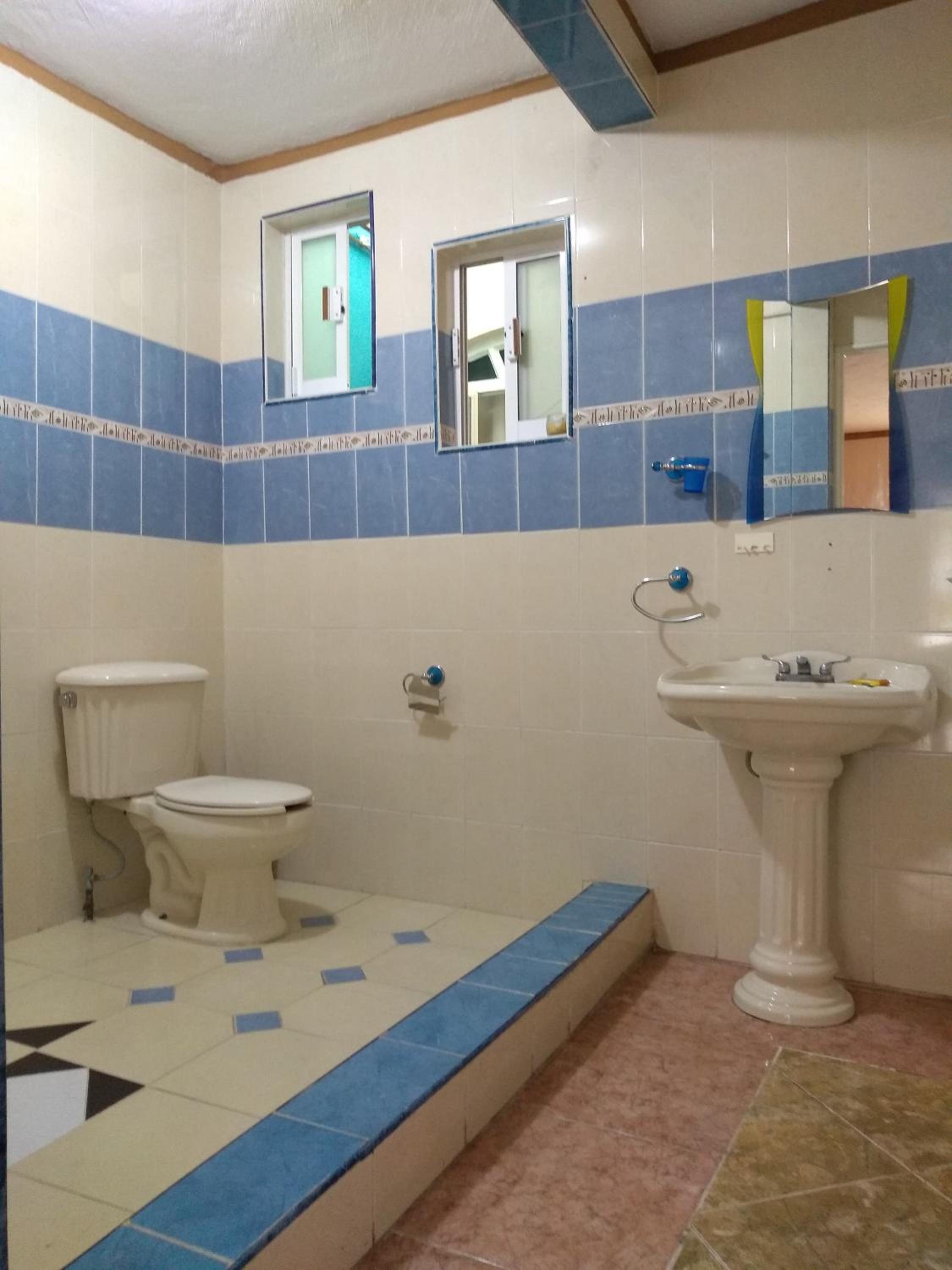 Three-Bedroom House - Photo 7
━━━
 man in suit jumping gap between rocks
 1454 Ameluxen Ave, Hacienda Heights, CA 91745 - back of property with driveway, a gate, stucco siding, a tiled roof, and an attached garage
━━━
TASK TO COMPLETE —
Could you restate word for word the lines above from the one containing "man in suit jumping gap between rocks" through the one containing "1454 Ameluxen Ave, Hacienda", both included, and nothing else?

REPLY —
 man in suit jumping gap between rocks
 1454 Ameluxen Ave, Hacienda Heights, CA 91745 - back of property with driveway, a gate, stucco siding, a tiled roof, and an attached garage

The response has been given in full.